ChaindocLabs

Last updated: April 28, 2026

Document management

Chaindoc stores your documents with version history, read/write access controls, and a full audit trail. Once every signer on a request completes, a hash of the final PAdES-signed PDF is anchored to the blockchain. that's your independent integrity proof.

This page covers the shape of a document, the upload flow, how versions work, how to grant access, and what blockchain anchoring actually does (and doesn't do). Learn more in the PAdES standard (ETSI).

Anatomy of a document

A Chaindoc document is a small set of fields plus a chain of versions. When you upload a file, Chaindoc stores the file in S3 (that's the "media" record), then you create a document that references that media. Each time you upload a replacement file, a new version is added to the document's history.
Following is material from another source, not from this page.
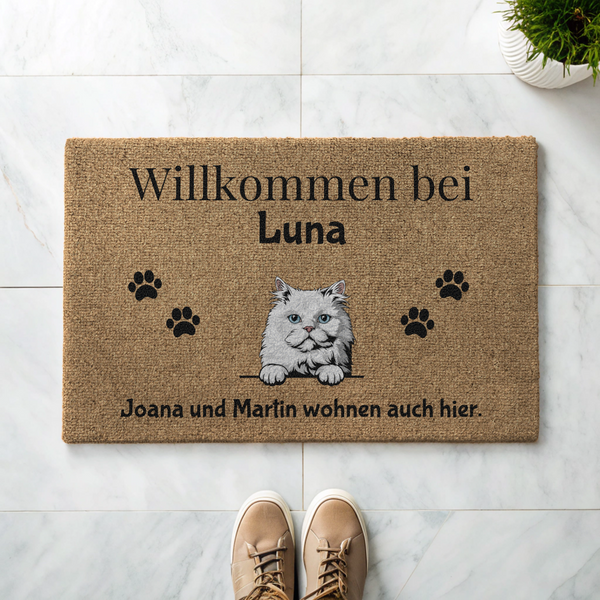 Individuelle Haustier Fußmatte (Katzen / Hunde / Hase / Pferd) - Willkommen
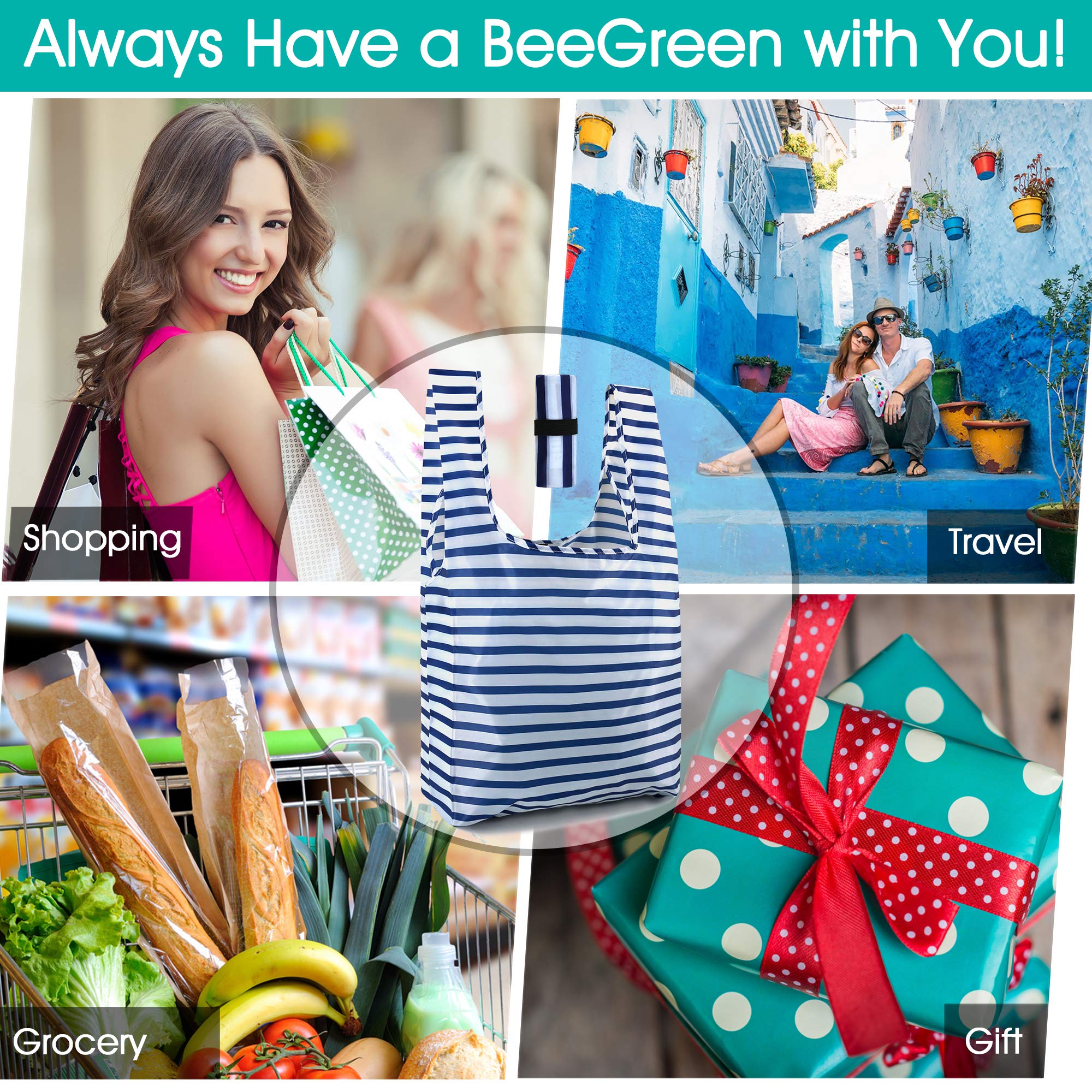BeeGreen reusable bags ideal for groceries while traveling.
  • name: human-readable title
  • description: free-form text
  • hashtags: array of strings (e.g. ['#contract', '#q2-2026']) used for filtering and grouping
  • meta: array of { key, value } string pairs for custom metadata (e.g. [{ key: 'clientId', value: 'C-042' }])
  • status: draft or published in the public API
  • Versions: ordered list of file versions; each version is a separate media upload

`meta` is key/value strings, not typed fields

meta is stored as { key: string, value: string }[]. There's no built-in support for number, date, or dropdown fields. if you need typed data, serialise it yourself (e.g. ISO-8601 for dates) and parse on read.

Uploading files

Upload is a two-step process: push the binary through the media endpoint, then create a document that references the returned media object.

Supported file types

The media endpoint accepts any file with an application/*, image/*, video/*, or text/* MIME type. Common choices:

  • PDFs: recommended for signing. PAdES signatures are embedded directly into the PDF.
  • Office documents: Word, Excel, PowerPoint (.docx, .xlsx, .pptx and older variants)
  • Images: JPG, PNG, GIF, TIFF, WebP. Images are resized on upload but not converted to PDF.
  • Plain text: .txt, .rtf, .md
  • Archives / other: accepted by MIME type, stored as-is

Signing is PDF-only

Only PDF files can be signed. PAdES signatures live inside the PDF structure itself. If you need to send a Word/Office file for signature, convert it to PDF on your side first (Office has "Export as PDF" built in), upload the PDF, then create the signature request.

Size limit

The current upload API accepts files up to 250 MB. For signing workflows, keep PDFs as small as practical. compressed files render faster for signers and reduce retry pain on slow connections.

Upload via the API

import { Chaindoc } from '@chaindoc_io/server-sdk';
import { readFile } from 'node:fs/promises';

const chaindoc = new Chaindoc({
  secretKey: process.env.CHAINDOC_SECRET_KEY!,
});

const buffer = await readFile('nda.pdf');
const blob = new Blob([buffer], { type: 'application/pdf' });

const { media } = await chaindoc.media.upload([blob]);

const doc = await chaindoc.documents.create({
  name: 'Mutual NDA. Acme',
  description: 'Two-way NDA, 3-year term',
  media: media[0],
  status: 'published',
  hashtags: ['#nda', '#acme'],
  meta: [
    { key: 'client', value: 'Acme Inc.' },
    { key: 'effectiveDate', value: '2026-05-01' },
  ],
});

Document statuses

A document has one of three top-level statuses:

  • draft: still being prepared. Not visible to signers, cannot be attached to a signature request.
  • published: live and signable. This is the state a document needs to be in before you create a signature request against it.
  • A published document can exist without a signature request yet; create a signature request when you are ready to collect signer approvals.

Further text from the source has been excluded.